Другими успешными кроссоверами были (There's) No Gettin' Over Me (Top 5 поп-чарта), I Wouldn't Have Missed It For the World и Any Day Now (обе вошли в Top 20). Последний сингл продержался на первой строчке «Adult Contemporary chart» в течение пяти недель. Успехом среди приверженцев поп-музыки пользовалась и песня He Got You. В кантри-чарте эти композиции побывали на первой строке. Что интересно, на Филиппинах наибольшей популярностью пользовалась кантри-баллада Is It Over с альбома 1983 года Keyed Up, которая никогда не выпускался в США в виде сингла.

Хотя бессменное пребывание песен Милсапа на первой строке чарта закончилось в 1983 году, последней в ней стала песня Stranger in My House, продолжавшая удерживать высокие позиции: пятое место в кантри, 23 место в поп-чарте и восьмое место в «Adult Contemporary chart». Через несколько месяцев вышел сингл Don't You Know How Much I Love You. Он стал последним заметным появлением Милсапа в поп-чарте, добравшись до 58 строки. Но в «Adult Contemporary chart» песня снова заняла высокую позицию вместе с другими синглами 1985 года: Show Her, Still Losing You и получившая премию «Грэмми» Lost in the Fifties Tonight (последний успешный кроссовер).

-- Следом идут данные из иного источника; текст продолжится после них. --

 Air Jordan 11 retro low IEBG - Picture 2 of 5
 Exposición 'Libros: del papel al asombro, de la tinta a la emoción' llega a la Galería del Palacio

Альбомы Ронни Милсапа 1980-х годов, как и у других исполнителей его эпохи: Линды Ронстадт, Глена Кэмпбелла, Марти Роббинса, Ларри Гатлина и Рэя Чарльза — часто содержали песни различных стилей, демонстрирующие большую разносторонность таланта певца. В своей автобиографии 1990 года Милсап поясняет: «Я певец, а не вокальный «стилист». У меня правильное дыхание и чёткое произношение. Поэтому я могу исполнить любую композицию. Но есть такие «стилисты», чья техника настолько неразвита, что они могут петь только собственные песни своим особым способом. Их могут помнить дольше, чем меня. Но я, скорее всего, буду петь дольше, чем они. Я могу спеть так, как требует время и мода».

Между 1985 и 1987 годами Милсап несколько раз становился автором непрерывны серий синглов на первой строке кантри-чарта, наиболее высокую популярность завоевав с песнями She Keeps the Home Fires Burning, In Love, Snap Your Fingers, Where Do the Nights Go, а также выиграв «Грэмми» в дуэте c Кенни Роджерсом исполнив Make No Mistake, She's Mine.

В 1989 Милсап последний раз попал на первую строку с песней A Woman in Love, хотя продолжал выпускать хиты, занимавшие другие места. Между 1989 и 1991 годами в Top 20 попали синглы Houston Solution, Stranger Things Have Happened, Turn That Radio On, и Are You Loving Me Like I'm loving You. При участии писателя Тома Картера в 1990 году Милсап выпустил автобиографию Almost like a Song.

В 1992 году музыкант в последний раз выпускает успешный сингл, All Is Fair in Love and War. Партию гитары на записи исполнит Марк Нопфлер. Композиция до 11 строки. Однако популярность Милсапа пошла на убыль, а первенство в кантри перешло к молодым исполнителям, решившим вернуться к более традиционному звучанию.

1993 — настоящее время

Милсап остался одним из любимейших публикой кантри-исполнителей, несмотря на отсутствие в радиоэфире его песен последние десять лет. В 1993 году он ушёл от RCA в Liberty и выпустил альбом True Believer, который не смог получить заметного времени в ротации, хотя заглавная песня вышла на 30 место в кантри-чарте. В 2000 году Милсап снова напомнил о себе, выпустив сборник на двух компакт-дисках 40 No. 1 Hits, среди песен которого был новый сингл "Time, Love, and Money". Альбом получил золотой статус, хотя в чарты не пробился.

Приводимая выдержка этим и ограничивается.